Before you can add parallel data to Amazon Translate, you must:

Adding parallel data (Amazon Translate console)

To add parallel data by using the Amazon Translate console, use the Parallel data page:

  1. Open the Amazon Translate console.

  2. In the navigation menu on the left, choose Customization, and choose Parallel data.

  3. On the Parallel data page, choose Create parallel data. The console shows the Create parallel data page.

  4. Provide the following:

    Name

    A custom name for the parallel data resource. You must assign a name that is unique in the account and region.

    Description - optional

    A custom description.

    Parallel data location on S3

    The location of the parallel data input file in Amazon S3. To provide the location by navigating to the file in Amazon S3, choose Select file.

    File format

    The format of the parallel data input file. Supported formats are Translation Memory eXchange (TMX), comma-separated values (CSV), and tab-separated values (TSV).

  5. Under Encryption key, choose an AWS KMS key to secure your parallel data. These KMS keys are managed by AWS Key Management Service (AWS KMS). For more information about AWS KMS, see the AWS Key Management Service Developer Guide.

    Use AWS owned key

    Use a KMS key that is owned and managed by Amazon Translate. This is the default option and is used to encrypt your information if you don't choose another method. For more information, see AWS owned keys in the AWS Key Management Service Developer Guide.

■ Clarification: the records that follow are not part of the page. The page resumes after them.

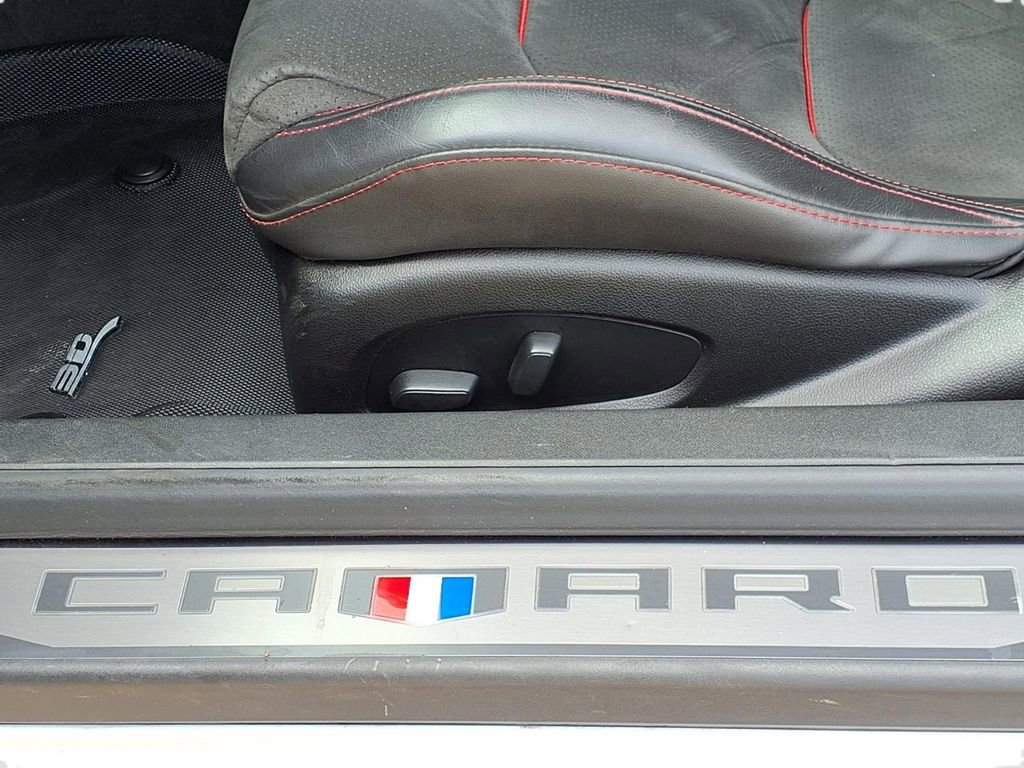 Used 2021 Chevrolet Camaro ZL1 image 27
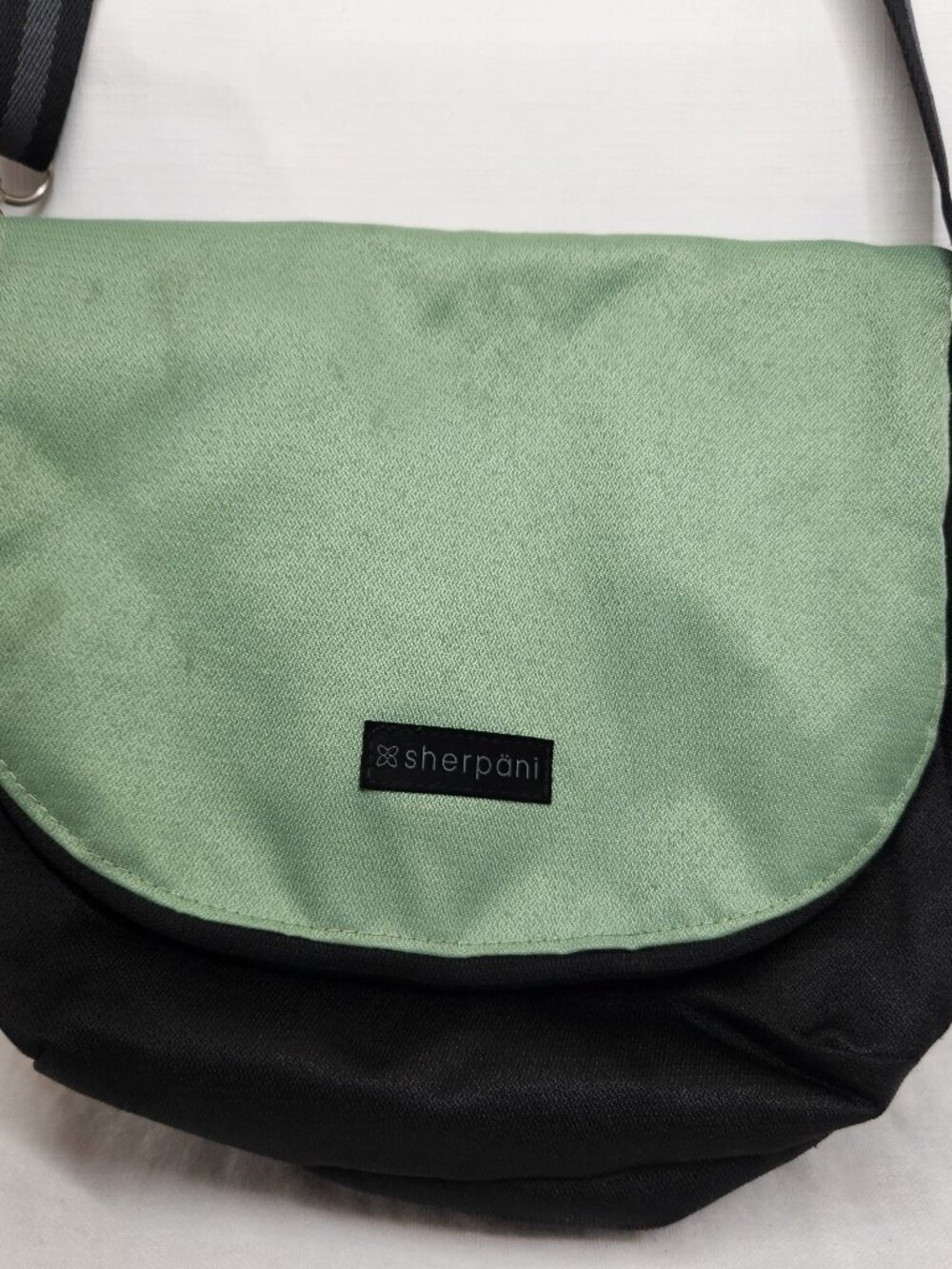 Sherpani Womens Green Black Crossbody Small Purse Bag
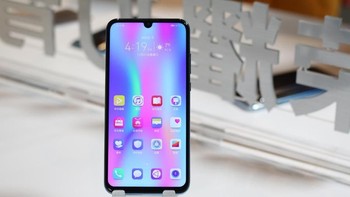 Ponsel ini membawa kamera depan berukuran 24 MP. Honor turut melengkapi dengan teknologi AI guna menghasilkan foto selfie lebih ciamik. Foto: Sina Mobile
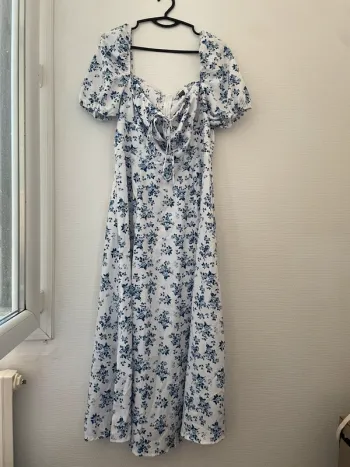 Longue robe avec fente
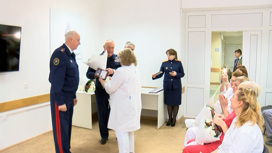 Бастрыкин наградил раненых медалями "Доблесть и отвага"
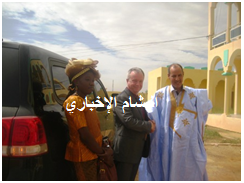 السفير الآمريكي يصافح والي الولاية 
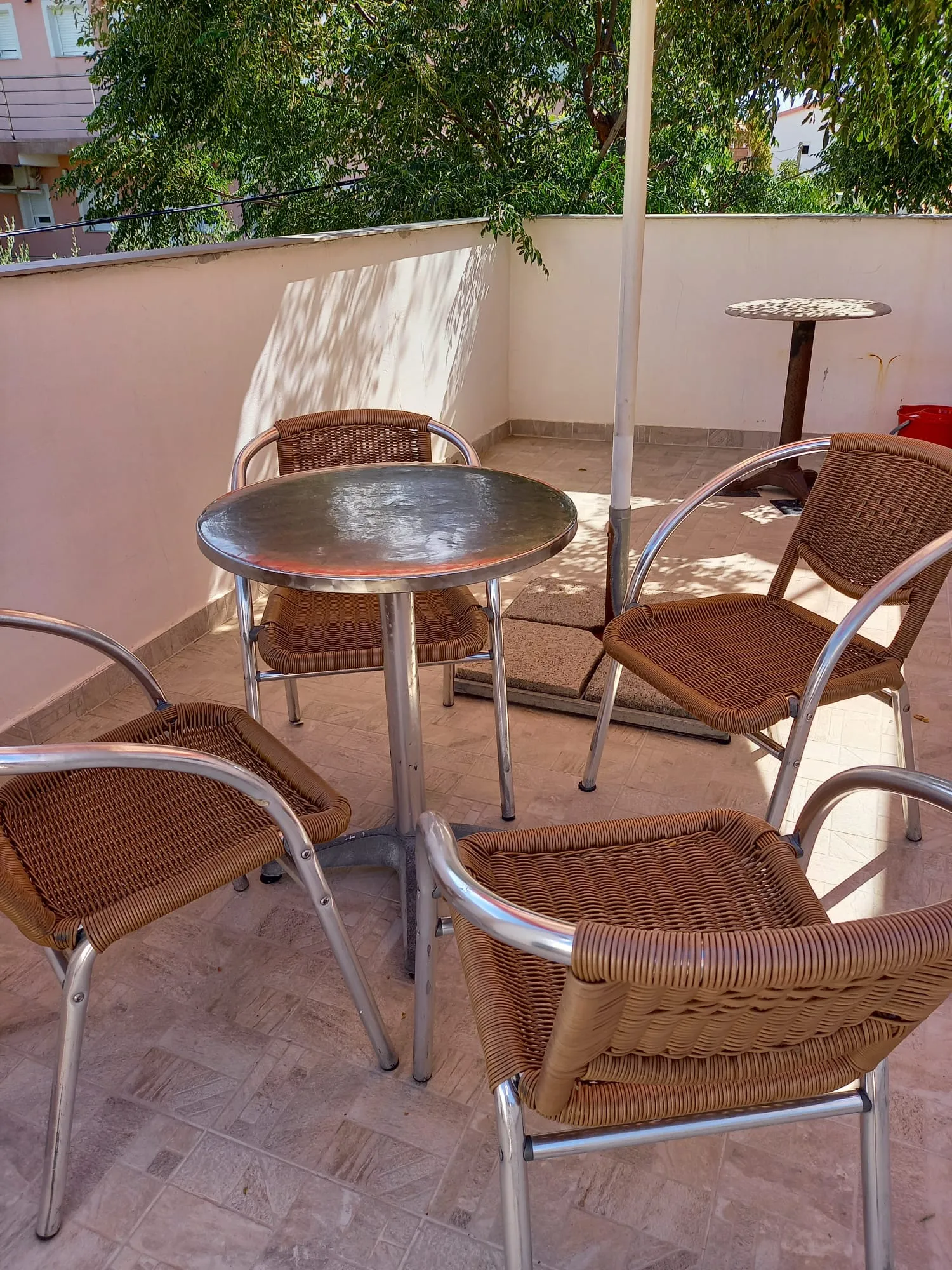 iznajmljujem apartman na viru - slika 12
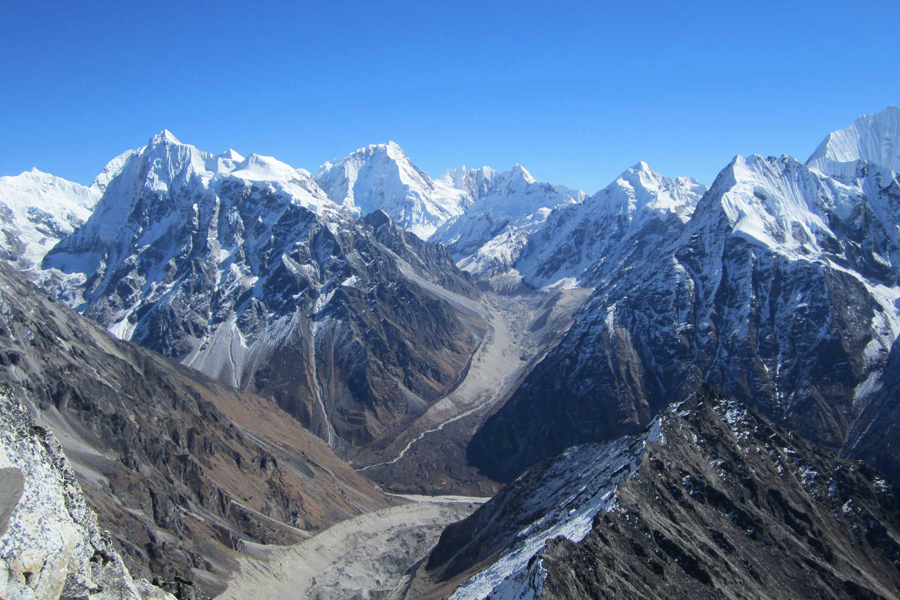 Chulu West Peak Climbing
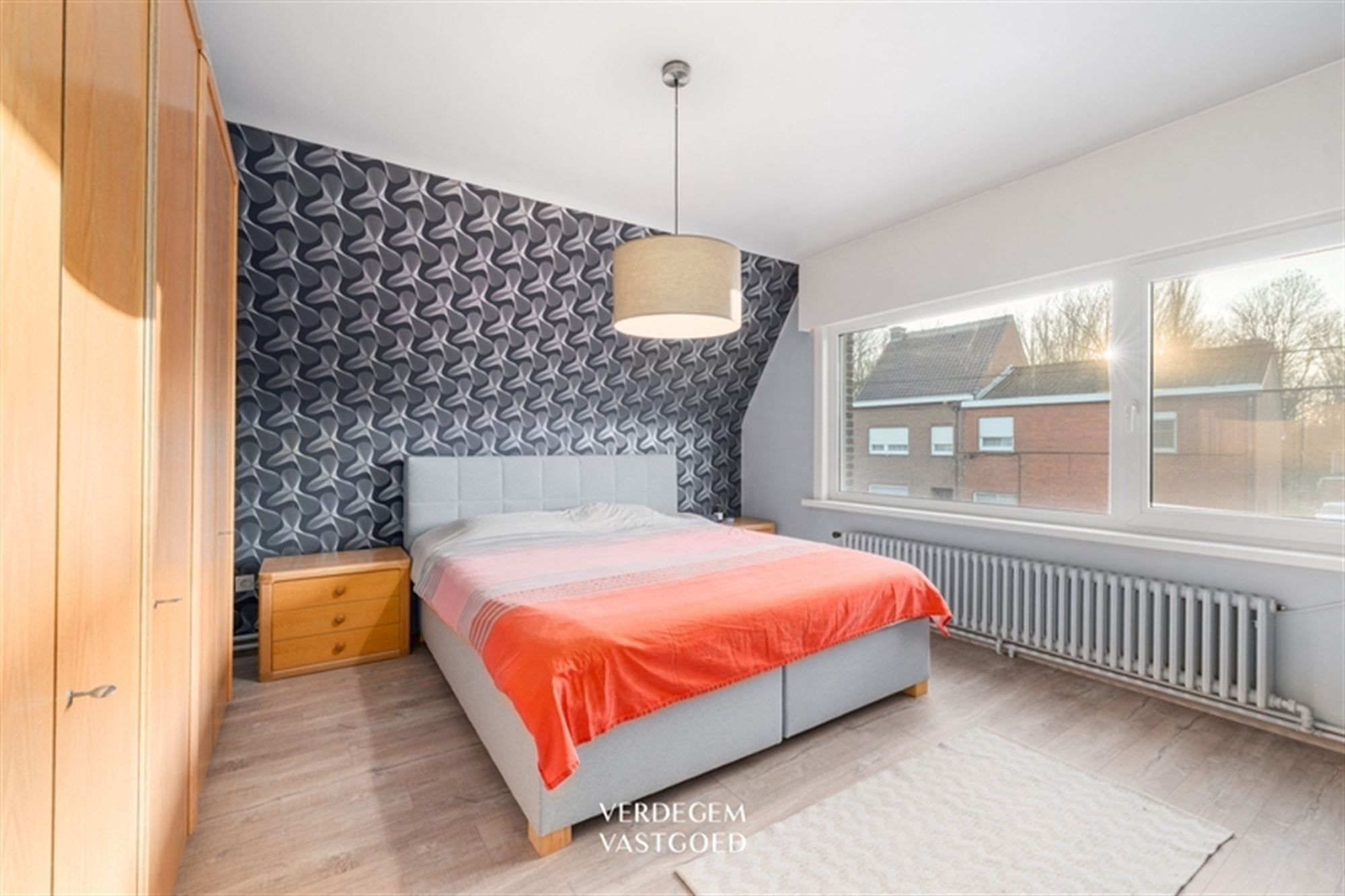 Stijlvolle en instapklare woning met 2+1 slaapkamers, garage en mooie tuin foto 14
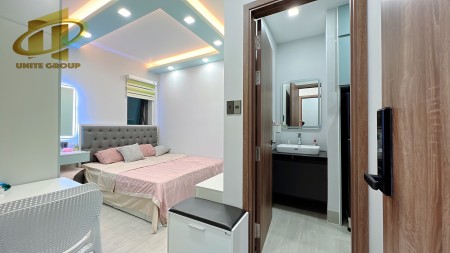 Căn hộ tách bếp nội thất siêu xịn ngay bệnh viện Từ Dũ Quận 1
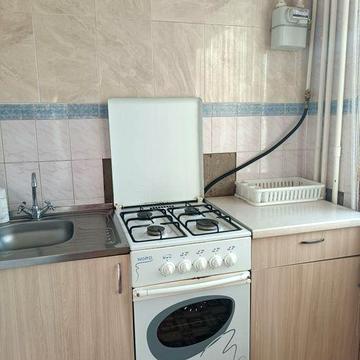 Вся мебель та техніка. Центр. Градецькій.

    Use key from current account

    Use one of the KMS keys that you manage in AWS KMS in your AWS account. If you choose this option, a menu provides a list of your KMS keys to choose from. For more information, see Customer managed keys in the AWS Key Management Service Developer Guide.

    Use key from different account

    Use a KMS key that is managed in AWS KMS in a different AWS account. If you choose this option, the console provides a field for you to enter the Amazon Resource Name (ARN) of the KMS key.

    For more information about encryption keys, see the AWS Key Management Service Developer Guide.

  6. Choose Create parallel data.

    The console returns to the Parallel data page, where the import status is shown in a banner at the top of the page. After a few minutes, your parallel data resource is shown in the table. When the value in the Status column is Active, the parallel data is ready for you to use in a batch translation job.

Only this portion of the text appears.